McKennon enlisted in the Confederate army as a first lieutenant at Carrollton (Carroll County) on October 19, 1861. He served in Company K of the Fourth and Company E of the Sixteenth Arkansas infantry regiments. Captured at Port Hudson, Louisiana, on July 9, 1863, McKennon was imprisoned at Johnson’s Island, Ohio, and Point Lookout, Maryland. After a transfer to Fort Delaware, he was released in June 1865.
McKennon returned to Carroll County after the Civil War. He and Virginia had four children, and in 1867, they moved to Clarksville (Johnson County), where she died in 1874. McKennon married Hannah Basham of Clarksville in 1876, and they had ten children.
In Clarksville, McKennon and his business partner, Lorenzo N. Swaggerty, operated a general store and built matching brick homes. McKennon became a lawyer and served in the state Senate from 1878 to 1879. He was prosecuting attorney for the Fifth Judicial District from 1878 to 1882 and, during this tenure, was involved in a scandalous courtroom altercation with Judge George S. Cunningham in Clarksville. McKennon inflicted several knife wounds upon the judge; he was indicted and pleaded guilty. He was later fined and served a token prison sentence, but he remained a successful attorney.

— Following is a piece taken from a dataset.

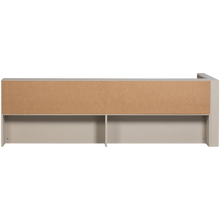Laden Sie das Bild in den Galerie-Viewer, CARTER CORNER BED PINE DUST [fsc]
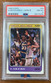 1988 Fleer Kareem Abdul-Jabbar PSA 8 #64 HOF Lakers NM-MT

While making the law his profession, McKennon participated in many civic activities. In the early 1870s, he joined other prominent Clarksville citizens to prevent the removal of the Johnson County seat from Clarksville to Spadra (Johnson County). He took part in the effort to locate Arkansas Cumberland College (now the University of the Ozarks) in Clarksville and also raised money for the school. McKennon served on the board of trustees of the Methodist church in Clarksville and also Hendrix College in Conway (Faulkner County). He supported temperance movements in Johnson County and served as president of the Prohibition State Alliance in 1891.
A staunch Democrat, McKennon campaigned for Grover Cleveland in the 1892 presidential election. President Cleveland subsequently appointed McKennon as an original member of the Commission to the Five Civilized Tribes in 1893. To fulfill his duties on the Dawes Commission, McKennon moved his family and his law practice to McAlester, Oklahoma. While serving on the commission, he campaigned vigorously against the distribution of alcoholic beverages in the territory, supporting the admission of Oklahoma as a state only under the condition of perpetual prohibition.
McKennon died on September 20, 1920, in McAlester and is buried in Oakland Cemetery in Clarksville.
For additional information:
Brown, Loren N. “The Dawes Commission.” Chronicles of Oklahoma 9 (March 1931): 76–77.
“Fight in the Courtroom.” Arkansas Gazette. May 19, 1888, p. 1.
“In the Interest of Temperance.” Arkansas Gazette. July 16, 1892, p. 1.
Langford, Ella M. History of Johnson County. Clarksville, AR: Johnson County Historical Society, 1981.
Obituary of Capt. A. S. M’Kennon. Arkansas Gazette. September 23, 1920, p. 8.
Obituary of Capt. A. S. McKennon. Clarksville Herald-Democrat. September 23, 1920, p. 3.